The findings from the present study showed that the C667T polymorphism of the MTHFR gene is closely related to the occurrence of carotid atherosclerosis, which can increase the risk of carotid artery atherosclerosis by 6.143 times, which is an independent risk factor for carotid artery atherosclerosis. High levels of homocysteine can damage endothelial cells, promote the proliferation of smooth muscle cells, and develop atherosclerosis, which may be because the MTHFR gene C667T polymorphism affects the pathogenesis of carotid atherosclerosis [30].

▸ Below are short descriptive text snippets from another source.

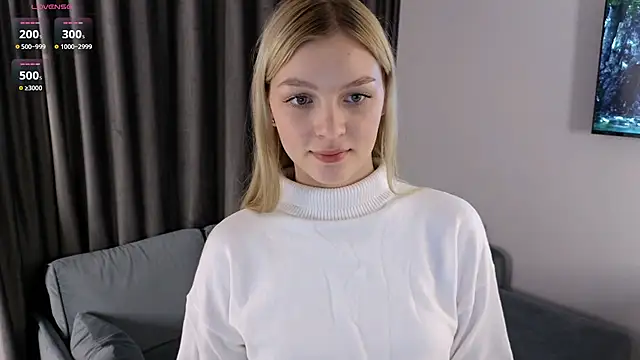 DebraVaughn online show from December 18, 1:05 pm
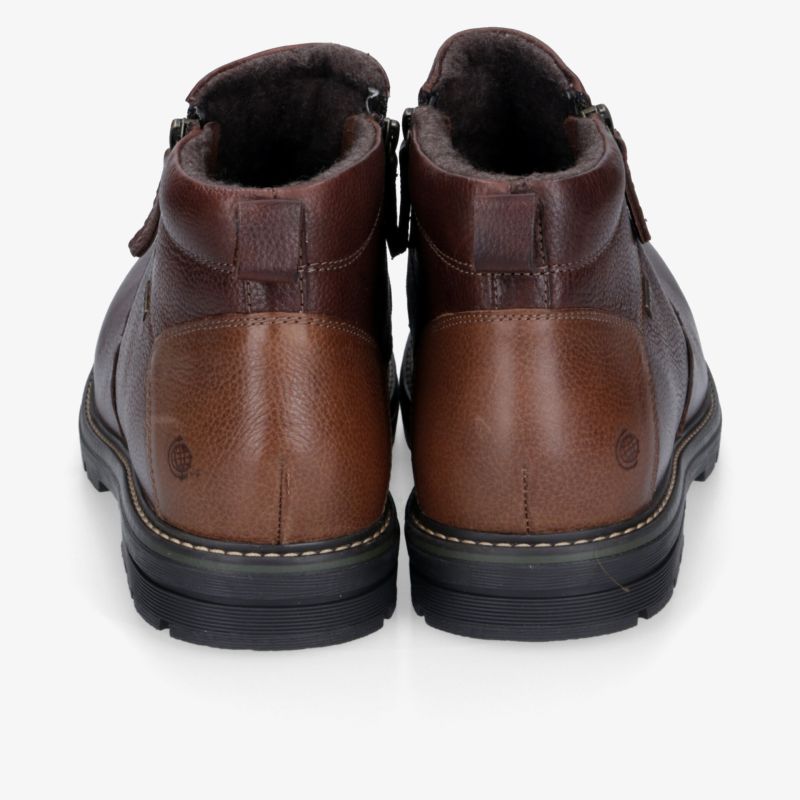 Robuste braune Lederschuhe mit rutschfester Sohle, ideal für Outdoor-Abenteuer und langanhaltenden Komfort.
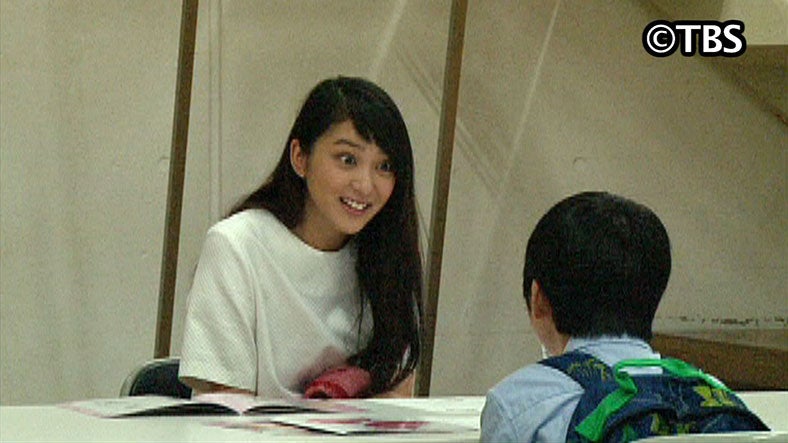 失礼な子どもがいくつものをムチャぶりを要求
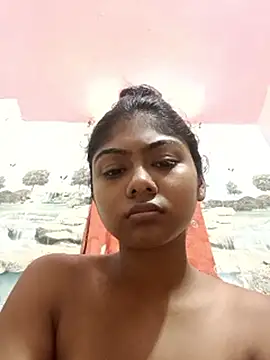Cute diya023 online show from April 29, 2026, 3:10 am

This study had several limitations. This study did not include an investigation into the molecular mechanisms involved in carotid atherosclerosis, and further investigation into how the C677T polymorphism of the MTHFR gene affects the carotid artery atherosclerotic plaque is required in the future. Also, this study included a small patient number from one center, which may have introduced bias into the study. Due to the limited number of patients enrolled, large cohort clinical studies are required to support the findings from this preliminary study.

Conclusions

This study aimed to investigate the association between the C677T polymorphism of the MTHFR gene in patients with confirmed carotid artery atherosclerosis. The findings showed that the C677T polymorphism of the MTHFR gene was expressed in patients with carotid artery atherosclerosis.